A gigantic double-barreled shotgun materialized like a thunderbolt in the fidgety grip of Wallace Esskew. Nobody ever knew what to expect from Wally. He had a funny high laugh that was more scared guinea hen than it was human. He wasn’t married—just lived at home with his parents and brothers. More than any man there he could afford to get himself out on a limb.

Wally let out his funny deranged laugh. The deputies jumped when they saw the cannon. “Nothing but rock salt in here,” Wallace giggled. “I was just afraid one of these little Wilkes kids might get at it there in the car. I just remembered I had it cocked and ready to go because I was aiming to chase down them chicken thieves the next time they come back to our place.” He grinned and respectfully bobbed his head again and again at the deputies, while the gun wavered in his uncoordinated hands. Nobody claimed that Wally was crazy—just peculiar. Nobody ever knew what was in his head.

No man considered that giving a rock-salt lesson to a chicken thief was really shooting him. The sheriff and the deputies obviously understood that the thought of filling official pants with rock salt would appeal to almost every man in the crowd. The sheriff had come to perpetrate a farce, not to be the hero of one. It might be disastrous to his reputation if he had to drive back to Jamestown with his pants full of rock salt. If all the men there had rock salt in their guns and he fired into the crowd, it would be said that he returned lead for salt. Farmers still had one vote apiece, and they took their votes seriously. And if any rock salt should find its way into that silk suit …
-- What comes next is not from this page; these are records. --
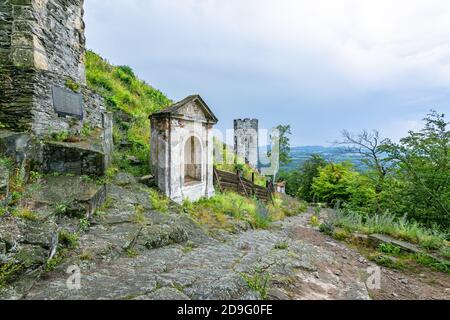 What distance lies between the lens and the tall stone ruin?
5.33 metres

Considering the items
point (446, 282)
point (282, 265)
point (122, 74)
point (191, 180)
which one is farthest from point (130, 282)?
point (122, 74)

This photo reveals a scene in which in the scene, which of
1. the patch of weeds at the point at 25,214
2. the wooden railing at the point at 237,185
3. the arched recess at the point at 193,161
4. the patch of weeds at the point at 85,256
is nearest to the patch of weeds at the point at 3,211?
the patch of weeds at the point at 25,214

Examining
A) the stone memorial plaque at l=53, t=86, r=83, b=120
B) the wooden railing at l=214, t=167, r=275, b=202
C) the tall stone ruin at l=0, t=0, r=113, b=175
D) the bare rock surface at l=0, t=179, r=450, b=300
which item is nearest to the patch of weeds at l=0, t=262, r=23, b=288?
the bare rock surface at l=0, t=179, r=450, b=300

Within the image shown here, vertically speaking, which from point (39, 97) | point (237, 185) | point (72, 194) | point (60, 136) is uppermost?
point (39, 97)

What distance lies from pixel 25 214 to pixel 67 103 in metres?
3.95

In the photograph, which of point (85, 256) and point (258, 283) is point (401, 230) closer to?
point (258, 283)

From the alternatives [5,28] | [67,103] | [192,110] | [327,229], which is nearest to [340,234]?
[327,229]

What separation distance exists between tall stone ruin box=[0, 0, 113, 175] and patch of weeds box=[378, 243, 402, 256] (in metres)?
7.28

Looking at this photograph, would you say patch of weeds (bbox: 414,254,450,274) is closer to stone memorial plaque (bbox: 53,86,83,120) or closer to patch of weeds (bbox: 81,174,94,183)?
patch of weeds (bbox: 81,174,94,183)

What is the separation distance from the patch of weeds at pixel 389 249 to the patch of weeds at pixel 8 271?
7.35 m

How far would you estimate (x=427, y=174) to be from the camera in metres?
7.93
It seemed to George that they had him. He probably had a couple of tear-gas bombs in the car; he could use one to show the Big Man that he was doing his best. But that might be the best way to stop a load of rock salt—fired, of course, by a man who was so blinded he couldn’t see what he was doing. He could place them all under arrest, but George didn’t imagine they would all just climb in their cars and follow obligingly along to the clink. He could start taking their names and addresses, but he would probably have to do that at gunpoint, and it would hardly be sensible for him to encourage any more gun-thinking with the kind of reinforcements he had at the moment. He could come back with a posse, but he might find himself confronting a troop of state militia. Who knew what Wild Bill Langer might do? They were only seventy miles from Bismarck, and Langer had only been governor for a few months—he might still be crazy enough to do what he had said he would do.

In any case, George reasoned triumphantly, if Sheriff Press left and came back, it was certainly more likely that he would find the militia waiting for him than that he would find any of the men facing him now, with the exception of Wilkes, of course.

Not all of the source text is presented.